> [WORK INSTRUCTION] Reduce the material below to its lines containing "Jewelry".

______

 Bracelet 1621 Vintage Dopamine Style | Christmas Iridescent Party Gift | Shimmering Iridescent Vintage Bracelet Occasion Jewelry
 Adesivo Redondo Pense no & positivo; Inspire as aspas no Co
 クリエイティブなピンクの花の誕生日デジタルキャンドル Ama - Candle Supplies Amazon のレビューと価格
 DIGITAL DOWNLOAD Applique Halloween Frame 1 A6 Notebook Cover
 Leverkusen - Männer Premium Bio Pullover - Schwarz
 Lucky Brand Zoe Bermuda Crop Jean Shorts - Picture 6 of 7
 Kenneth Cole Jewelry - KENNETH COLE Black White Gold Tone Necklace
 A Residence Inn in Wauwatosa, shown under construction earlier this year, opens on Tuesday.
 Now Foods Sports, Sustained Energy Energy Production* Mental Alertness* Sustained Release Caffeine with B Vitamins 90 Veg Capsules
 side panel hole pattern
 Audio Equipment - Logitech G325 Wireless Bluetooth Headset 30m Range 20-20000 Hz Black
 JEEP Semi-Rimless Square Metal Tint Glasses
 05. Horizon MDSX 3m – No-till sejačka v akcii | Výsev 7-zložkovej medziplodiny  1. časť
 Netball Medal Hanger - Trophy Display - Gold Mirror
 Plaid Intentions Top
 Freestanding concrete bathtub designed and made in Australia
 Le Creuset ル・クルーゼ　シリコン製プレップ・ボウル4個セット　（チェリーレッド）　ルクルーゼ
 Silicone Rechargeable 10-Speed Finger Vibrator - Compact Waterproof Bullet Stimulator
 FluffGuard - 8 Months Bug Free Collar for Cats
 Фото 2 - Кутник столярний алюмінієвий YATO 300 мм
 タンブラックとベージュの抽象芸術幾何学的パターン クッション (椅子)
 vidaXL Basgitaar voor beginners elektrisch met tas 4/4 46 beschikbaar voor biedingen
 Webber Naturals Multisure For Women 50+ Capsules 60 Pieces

______

> [SOLUTION FOR THIS EXERCISE]
 Bracelet 1621 Vintage Dopamine Style | Christmas Iridescent Party Gift | Shimmering Iridescent Vintage Bracelet Occasion Jewelry
 Kenneth Cole Jewelry - KENNETH COLE Black White Gold Tone Necklace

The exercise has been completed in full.